### Supplied information
○ ○ ○ ○ ○

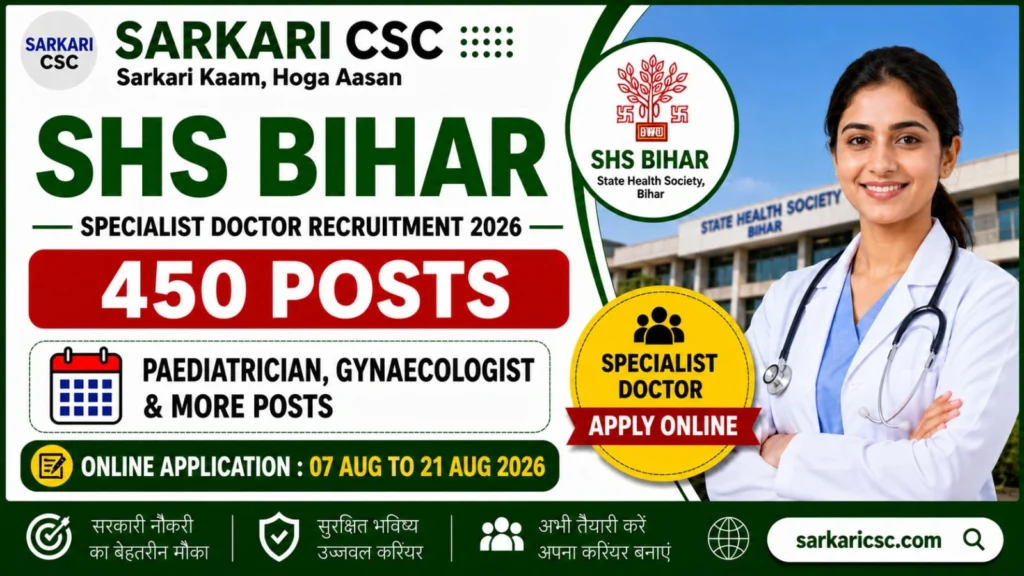 SHS Bihar Bharti 2026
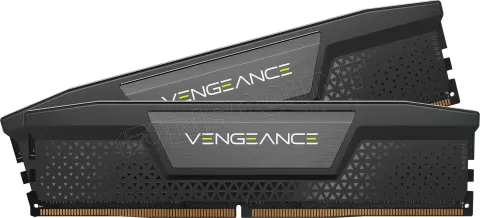 Photo de Kit Barrettes mémoire 32Go (2x16Go) DIMM DDR5 Corsair Vengeance 6000MHz CL30 AMD Expo (Noir)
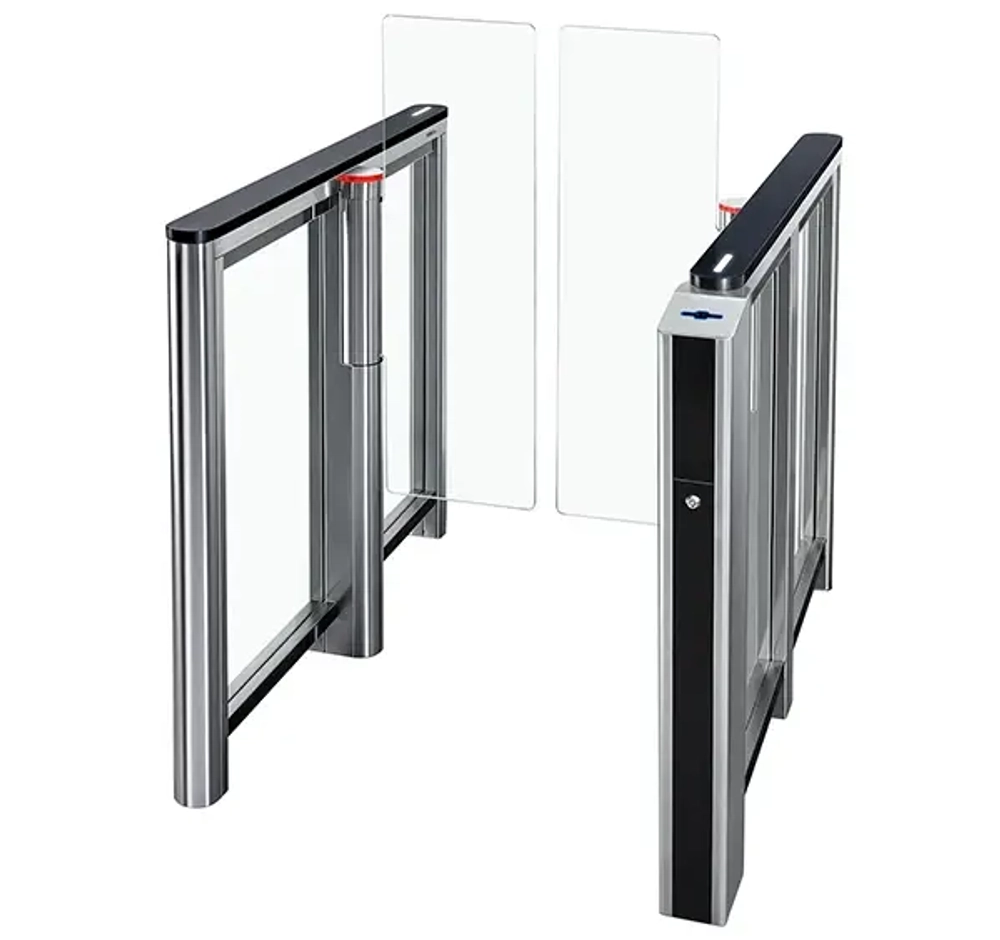 Скоростной проход ST-11 с распашными створками и встроенным картоприемником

○ ○ ○ ○ ○

### Your goal
All lines from the one holding "Photo de Kit" through the last line of the material above should be set down exactly, and the pictures should be left out.

### Answer to the problem
 Photo de Kit Barrettes mémoire 32Go (2x16Go) DIMM DDR5 Corsair Vengeance 6000MHz CL30 AMD Expo (Noir)
 Скоростной проход ST-11 с распашными створками и встроенным картоприемником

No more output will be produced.